One of the colonies of flying foxes residing in Warwick trees.
One of the colonies of flying foxes residing in Warwick trees. Shannon Newley

Flying fox health fears

THE branches of Warwick trees have been breaking under the weight of a large flying fox colony amid fresh concerns about the potential health effects after a horse near Beaudesert died from the Hendra virus earlier this week.

The Hendra virus is fatal for both horses and humans with four Queensland vets dying after contracting since it was first detected in 1994.

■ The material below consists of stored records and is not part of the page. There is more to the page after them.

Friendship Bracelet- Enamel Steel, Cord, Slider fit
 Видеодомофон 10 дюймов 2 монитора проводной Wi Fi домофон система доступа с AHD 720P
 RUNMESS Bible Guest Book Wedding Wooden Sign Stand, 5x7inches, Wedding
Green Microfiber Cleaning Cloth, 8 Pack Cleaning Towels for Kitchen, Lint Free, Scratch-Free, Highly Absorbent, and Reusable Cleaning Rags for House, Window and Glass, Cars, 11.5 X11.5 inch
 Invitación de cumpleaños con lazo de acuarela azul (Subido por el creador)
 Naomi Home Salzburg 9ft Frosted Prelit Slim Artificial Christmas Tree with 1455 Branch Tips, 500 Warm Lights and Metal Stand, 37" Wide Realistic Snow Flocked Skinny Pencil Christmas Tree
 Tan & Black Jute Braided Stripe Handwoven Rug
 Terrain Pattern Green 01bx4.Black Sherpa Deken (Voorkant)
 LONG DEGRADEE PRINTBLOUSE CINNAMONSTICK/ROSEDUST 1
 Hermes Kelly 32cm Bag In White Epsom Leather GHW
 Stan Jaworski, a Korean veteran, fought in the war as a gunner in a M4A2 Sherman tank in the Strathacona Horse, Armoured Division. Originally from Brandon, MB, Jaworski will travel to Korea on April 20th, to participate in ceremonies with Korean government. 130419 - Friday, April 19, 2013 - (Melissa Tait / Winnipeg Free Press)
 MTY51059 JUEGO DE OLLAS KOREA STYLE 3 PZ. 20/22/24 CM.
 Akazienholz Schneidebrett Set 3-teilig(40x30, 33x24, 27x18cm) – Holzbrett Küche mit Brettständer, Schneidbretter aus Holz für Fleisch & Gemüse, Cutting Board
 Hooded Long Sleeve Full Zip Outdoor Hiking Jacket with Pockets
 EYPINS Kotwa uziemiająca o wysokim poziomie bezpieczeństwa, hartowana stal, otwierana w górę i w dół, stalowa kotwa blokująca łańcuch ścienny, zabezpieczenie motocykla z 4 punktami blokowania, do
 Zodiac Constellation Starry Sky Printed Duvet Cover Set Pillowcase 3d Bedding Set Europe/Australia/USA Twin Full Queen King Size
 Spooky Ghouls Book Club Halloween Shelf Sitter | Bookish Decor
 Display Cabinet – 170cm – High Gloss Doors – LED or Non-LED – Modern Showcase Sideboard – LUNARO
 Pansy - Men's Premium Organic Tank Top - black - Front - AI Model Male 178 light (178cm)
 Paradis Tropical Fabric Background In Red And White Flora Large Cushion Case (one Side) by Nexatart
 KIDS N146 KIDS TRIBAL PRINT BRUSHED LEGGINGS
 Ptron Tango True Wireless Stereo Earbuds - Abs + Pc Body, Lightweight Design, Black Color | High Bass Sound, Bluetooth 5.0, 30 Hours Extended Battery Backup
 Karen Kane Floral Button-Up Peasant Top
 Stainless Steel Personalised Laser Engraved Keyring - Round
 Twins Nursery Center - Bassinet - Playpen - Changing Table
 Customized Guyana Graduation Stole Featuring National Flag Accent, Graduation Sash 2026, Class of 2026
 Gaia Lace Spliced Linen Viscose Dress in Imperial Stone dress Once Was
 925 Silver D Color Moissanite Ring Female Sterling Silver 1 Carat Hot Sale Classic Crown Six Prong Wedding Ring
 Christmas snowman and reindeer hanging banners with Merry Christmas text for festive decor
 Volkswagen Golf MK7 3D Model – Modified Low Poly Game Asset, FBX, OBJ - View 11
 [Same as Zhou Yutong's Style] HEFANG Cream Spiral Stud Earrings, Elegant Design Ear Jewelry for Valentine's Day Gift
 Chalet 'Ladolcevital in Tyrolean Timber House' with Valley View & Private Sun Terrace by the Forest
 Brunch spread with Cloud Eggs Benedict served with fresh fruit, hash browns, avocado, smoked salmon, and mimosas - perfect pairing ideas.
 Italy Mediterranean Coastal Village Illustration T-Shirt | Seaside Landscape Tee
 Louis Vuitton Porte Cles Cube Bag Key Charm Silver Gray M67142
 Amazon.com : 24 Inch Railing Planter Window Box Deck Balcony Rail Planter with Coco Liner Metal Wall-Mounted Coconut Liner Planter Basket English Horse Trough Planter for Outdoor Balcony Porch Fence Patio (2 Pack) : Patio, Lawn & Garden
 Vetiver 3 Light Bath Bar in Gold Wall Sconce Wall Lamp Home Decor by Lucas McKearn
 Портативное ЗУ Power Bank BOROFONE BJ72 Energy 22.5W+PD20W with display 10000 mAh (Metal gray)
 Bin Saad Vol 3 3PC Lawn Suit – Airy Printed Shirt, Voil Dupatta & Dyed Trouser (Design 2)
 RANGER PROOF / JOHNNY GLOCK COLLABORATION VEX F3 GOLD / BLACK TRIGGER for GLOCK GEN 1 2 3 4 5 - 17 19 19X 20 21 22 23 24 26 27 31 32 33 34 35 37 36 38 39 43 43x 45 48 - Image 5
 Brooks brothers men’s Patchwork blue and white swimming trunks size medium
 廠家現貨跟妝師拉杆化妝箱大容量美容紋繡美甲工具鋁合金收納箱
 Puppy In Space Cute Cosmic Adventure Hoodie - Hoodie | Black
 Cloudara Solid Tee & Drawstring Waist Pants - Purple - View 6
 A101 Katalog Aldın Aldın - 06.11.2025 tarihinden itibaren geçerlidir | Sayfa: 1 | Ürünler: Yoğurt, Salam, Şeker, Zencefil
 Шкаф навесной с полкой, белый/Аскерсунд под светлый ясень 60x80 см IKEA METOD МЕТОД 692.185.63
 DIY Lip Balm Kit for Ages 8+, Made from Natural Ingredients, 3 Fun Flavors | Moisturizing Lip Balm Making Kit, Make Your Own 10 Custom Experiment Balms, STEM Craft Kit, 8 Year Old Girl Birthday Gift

One colony of the flying mammals has taken up residence on Victoria St near Queens Park forcing horse dentist Merv Mangan to move three animals that were being house in a paddock there.

Mr Mangan said the animals had caused him a great deal of worry and in an area populated with horses, the people of Warwick should share those concerns.

“In a city where horses are such an important part of the industry and to allow them to hang around while the industry suffers, I have a real problem with that,” he said.

“Everyone can talk about it but when someone from Warwick dies or gets very sick, it’ll be a different story.”

Mr Mangan said he wasn’t sure when he would be able to put his horses into the paddock.

“Luckily I have another paddock but we just don’t know how long the germ stays around.”

Mr Mangan’s occupation sees him in and out of different properties working with a number of horses and while he had concerns of over the exposure to the fatal disease, he said it was just apart of the territory.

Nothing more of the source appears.